**Data for analysis**.
---+---
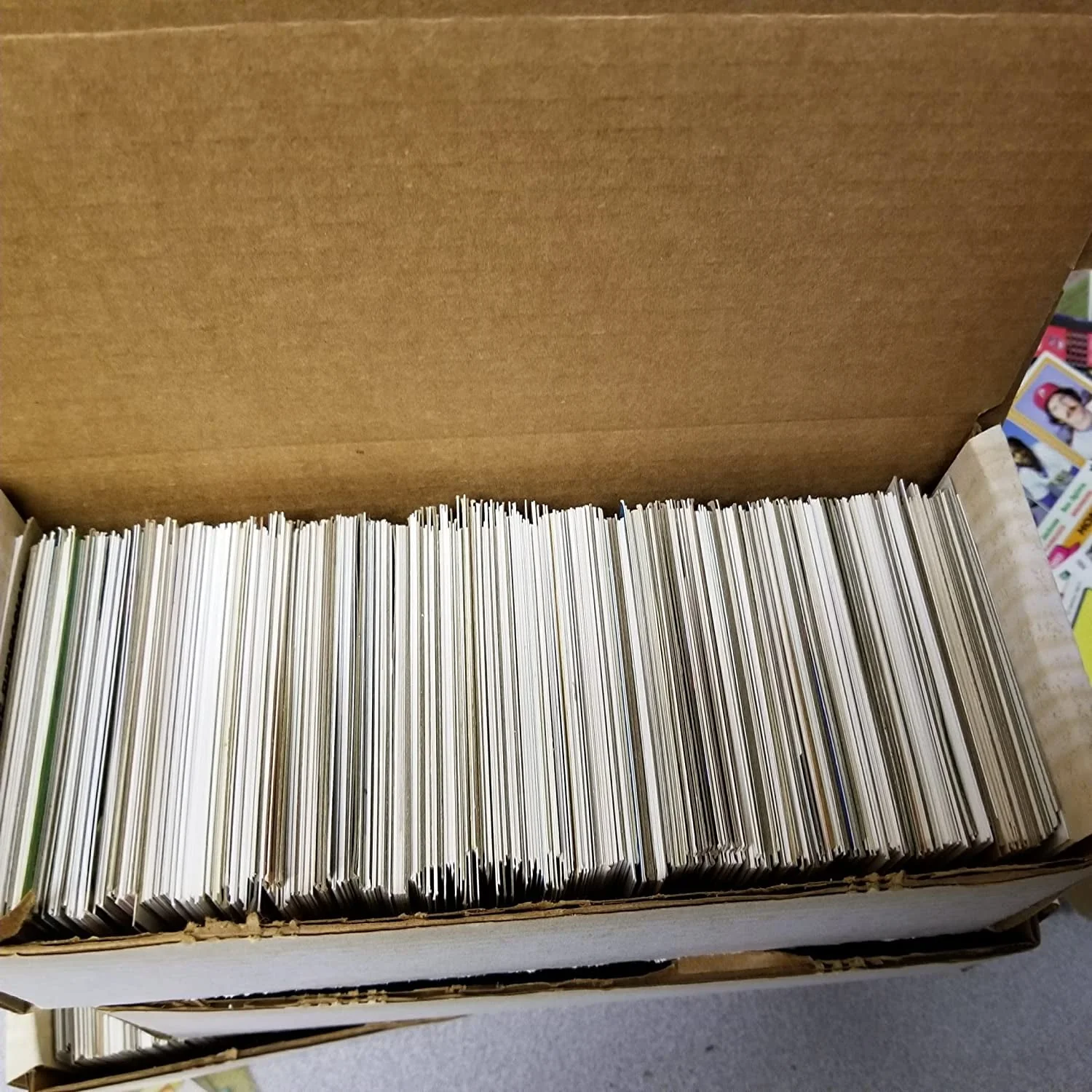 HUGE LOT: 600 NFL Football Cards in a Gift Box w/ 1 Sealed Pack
---+---
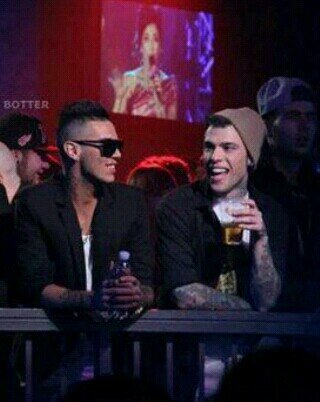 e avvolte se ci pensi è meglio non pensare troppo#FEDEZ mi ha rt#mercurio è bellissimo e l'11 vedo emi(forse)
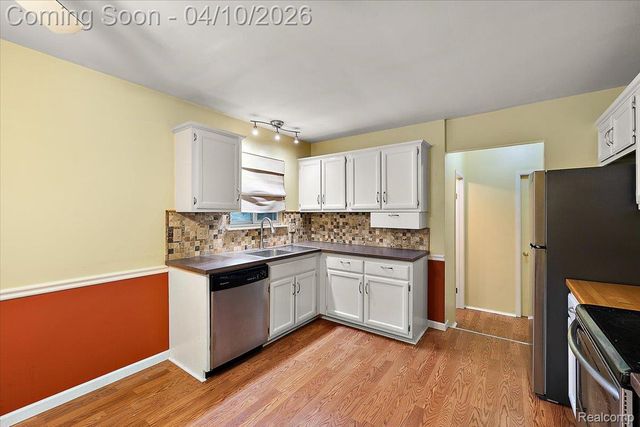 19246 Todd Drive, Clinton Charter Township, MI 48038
---+---
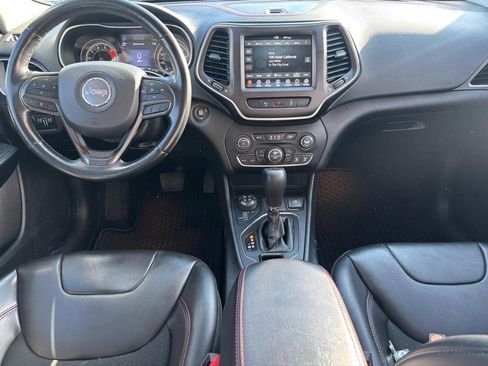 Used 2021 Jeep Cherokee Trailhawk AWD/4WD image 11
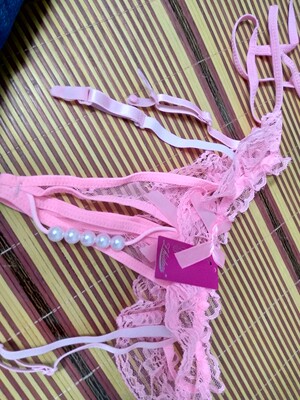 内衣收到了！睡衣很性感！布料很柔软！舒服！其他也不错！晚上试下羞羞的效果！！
---+---
**Exercise instructions**.
Leaving out each picture, repeat exactly the lines above from the one that contains "e avvolte se" through the one that contains "19246 Todd Drive, Clinton".

**Reply**.
 e avvolte se ci pensi è meglio non pensare troppo#FEDEZ mi ha rt#mercurio è bellissimo e l'11 vedo emi(forse)
 19246 Todd Drive, Clinton Charter Township, MI 48038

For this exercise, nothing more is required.